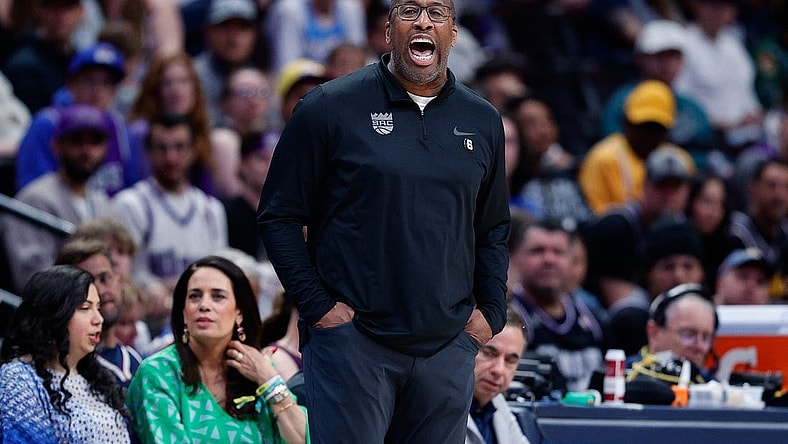 Apr 9, 2023; Denver, Colorado, USA; Sacramento Kings head coach Mike Brown in the second quarter against the Denver Nuggets at Ball Arena. Mandatory Credit: Isaiah J. Downing-USA TODAY Sports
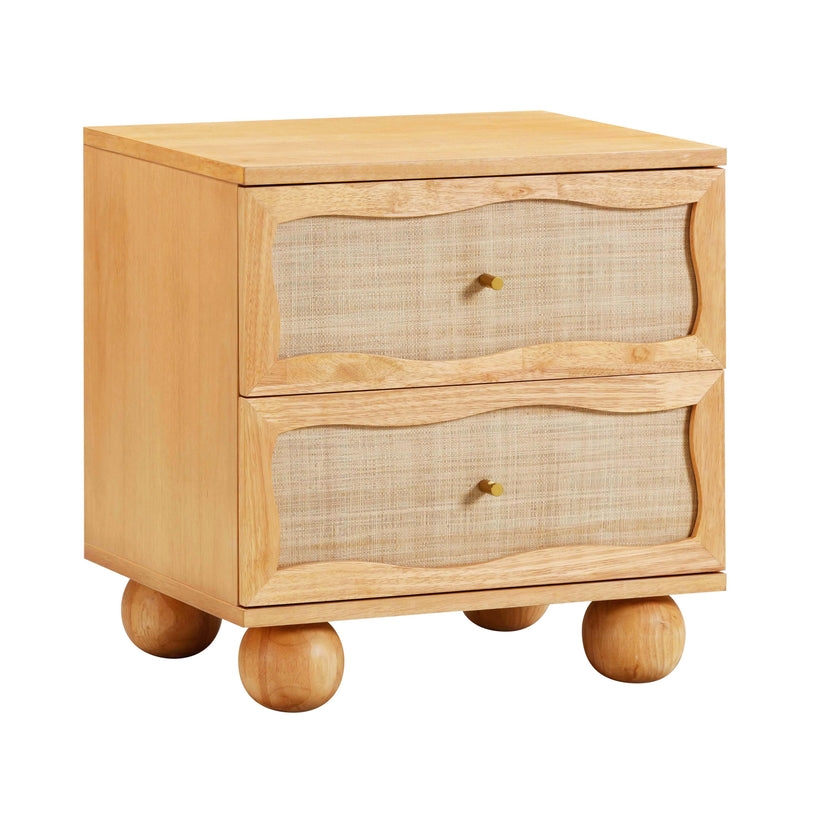 Grappa Natural Wood & Raffia Wavy Nightstand - Image 1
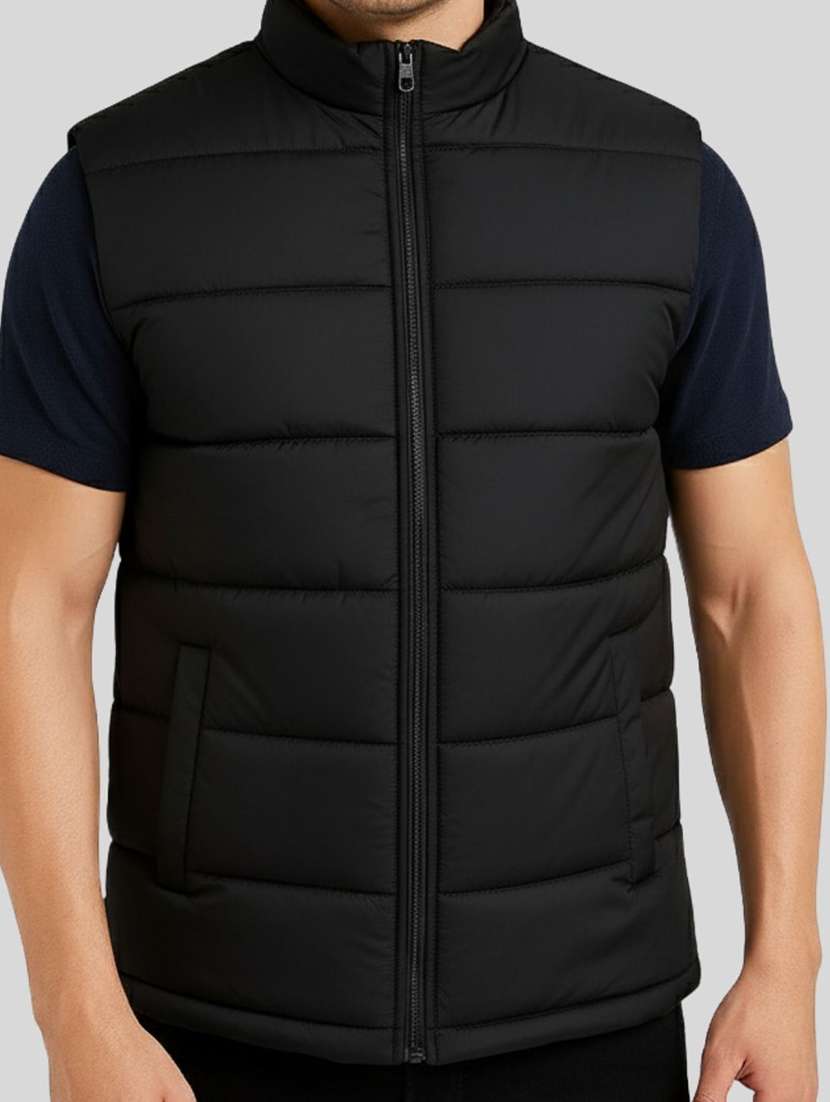 men solid sleeveless lightweight puffer jacket - 22275468 -  Standard Image - 4
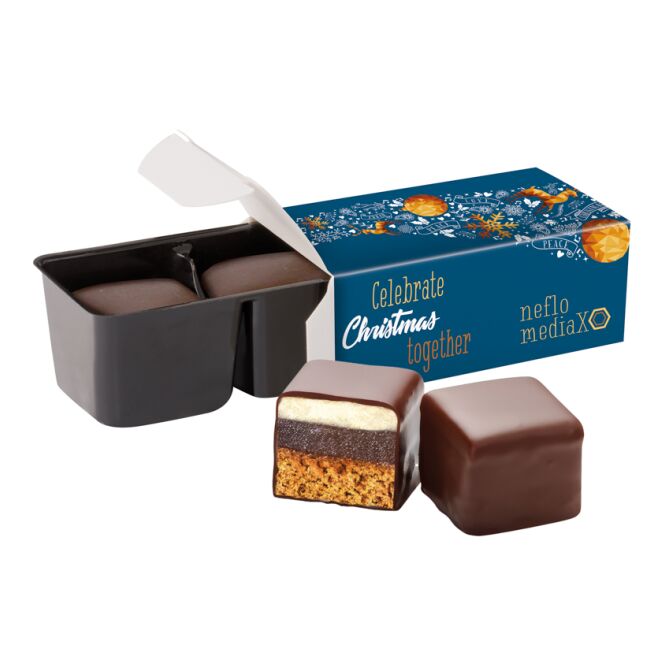 Firmengeschenk Lambertz Dominostein 2er – weihnachten – mit bedrucktem Etikett 2er Set als Weihnachtsgeschenk für Kunden und Mitarbeiter
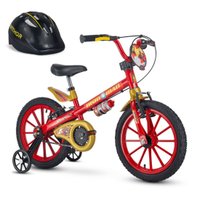 Bicicleta Iron Man Homem de Ferro Aro 16 Menino Nathor com Capacete Preto
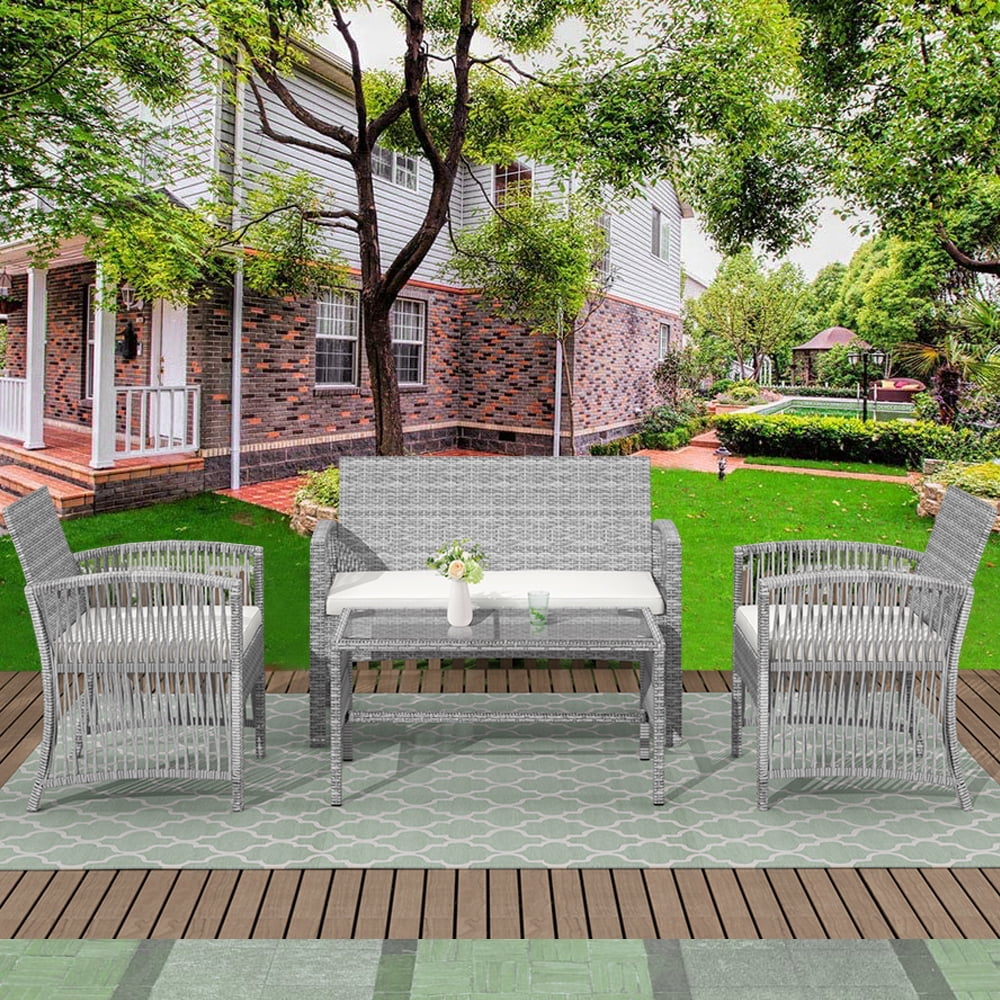 Rattan Patio Furniture Set Chair Table Combination Set 4 Pieces Set Rattan And Wicker Conversation Seats And Table Patio Bistro Set All Weather Indoor And Outdoor Furniture Set Gray Y0152 Walmart Com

Task requirements: Your answer must be an exact copy of every entry, with no pictures in it.

Answer to this task:
 Apr 9, 2023; Denver, Colorado, USA; Sacramento Kings head coach Mike Brown in the second quarter against the Denver Nuggets at Ball Arena. Mandatory Credit: Isaiah J. Downing-USA TODAY Sports
 Grappa Natural Wood & Raffia Wavy Nightstand - Image 1
 men solid sleeveless lightweight puffer jacket - 22275468 -  Standard Image - 4
 Firmengeschenk Lambertz Dominostein 2er – weihnachten – mit bedrucktem Etikett 2er Set als Weihnachtsgeschenk für Kunden und Mitarbeiter
 Bicicleta Iron Man Homem de Ferro Aro 16 Menino Nathor com Capacete Preto
 Rattan Patio Furniture Set Chair Table Combination Set 4 Pieces Set Rattan And Wicker Conversation Seats And Table Patio Bistro Set All Weather Indoor And Outdoor Furniture Set Gray Y0152 Walmart Com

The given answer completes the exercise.